三名身穿黑色西裝的男人耷拉着腦袋走出來,在其身後跟着一名身穿黑色長袍,留着披肩發的古裝男子,突然冒出來的這人令霍雨浩臉色一變,急忙站起來向三名燕京公子走去,許媛也是被霍雨浩的舉動搞糊塗,說實話,她還是第一次見到霍雨浩露出如此神情。
“坤子,行了,不要罵了,來人。”霍雨浩走到葉坤面前,拉着他搖頭道。
作爲燕京出來的公子哥,他也不是真的愚蠢,從表哥眼中便能看出忌憚,再加上那個古裝男子的穿着,他猜測極有可能那些古老的武者世家,眼中露出忌憚之色,指着黃偉達怒罵一聲後,便勸阻其他兩人道:“行了,你們兩個别罵了。”
那兩人也清楚古老武者世家的厲害,見自己的保镖被制服,臉上露出一絲陰霾,而此刻黃偉達一個人還在那裏斥罵着,唾沫星子亂濺一地,在衆人的注視下,霍雨浩小跑向着那名古裝男子,而那黑袍男子慢悠悠的向着衆人走來。
等到走到甲闆之上之後,衆人才看清楚來人的臉龐,來人臉龐俊美,目光神武,有種不怒自威的氣勢,令人不禁生出叩拜之意,而冷如秋卻是身體打了個寒顫,嘴角露出一絲苦笑,向葉坤身後躲了躲。
“大人,您這是?”霍雨浩可是記得連爺爺都如此稱呼眼前之人,他自然不可能失禮。
然而來人并不可他一眼,目光冷冷的盯着冷如秋,道:“丢人丢到這裏來了,到了夏威夷後立刻滾回燕京去!”

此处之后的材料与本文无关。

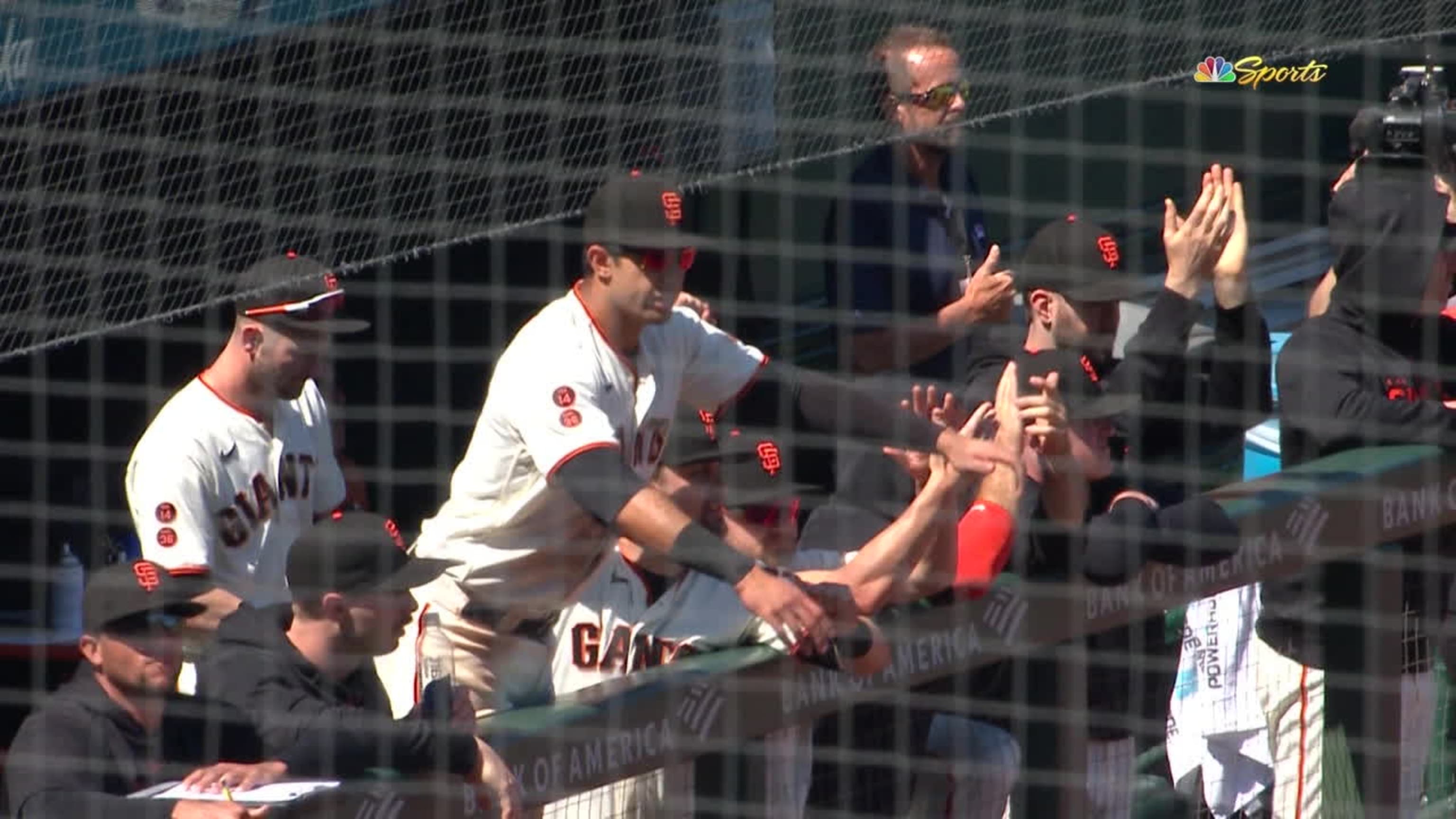 Doval escapes in the 9th as Giants hold off Yanks - CBS New York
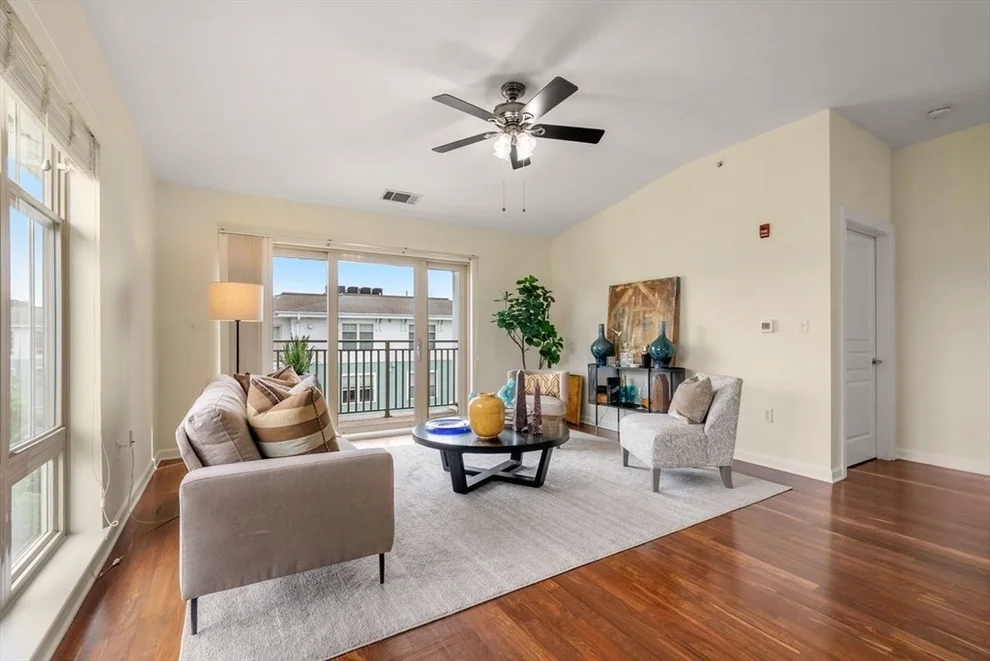 Unit for sale at 5 Repton Circle, Watertown, MA 02472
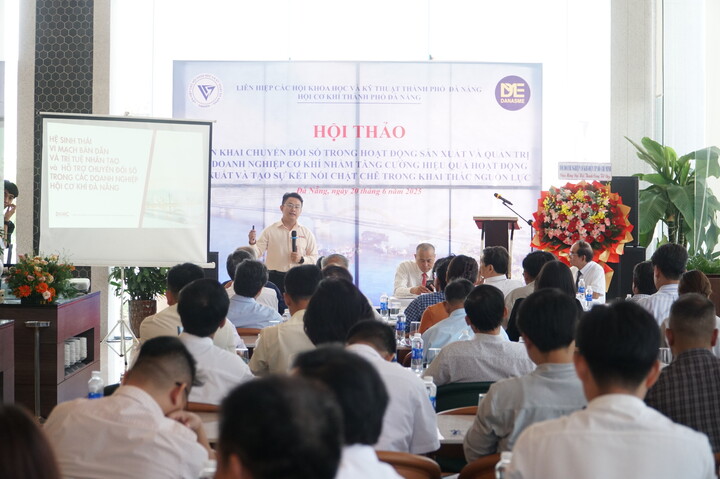 Okvip tại về cơ khí Đà Nẵng chia sẻ kinh nghiệm chuyển đổi số. Ảnh: Vũ Lê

“是!”躲在葉坤身後的冷如秋知道這是在對他說,急忙呐呐答道。
冷冷看了一眼那人轉身的背影,冷如秋向他鞠躬道:“您慢走!”
來人連介紹都沒有,冷聲訓斥冷如秋便離開,搞得霍雨浩等三位燕京公子一愣一愣的,再加上冷如秋的表現,來到冷如秋身旁的霍雨浩,道:“如秋,你認識這位神秘的人物?!”
“丫的,認識,怎麽不認識,我小時候還在他身上撒過尿呢!”冷如秋臉上滿是懼怕之色,哭喪着臉蛋道。
“這誰啊,牛逼哄哄的!”一旁的葉坤拍着他的肩膀着。
“瑪德,勞資大伯!”冷如秋一臉無奈,罵道。
“卧槽!”葉坤和白俊聞言,同時驚呼一聲。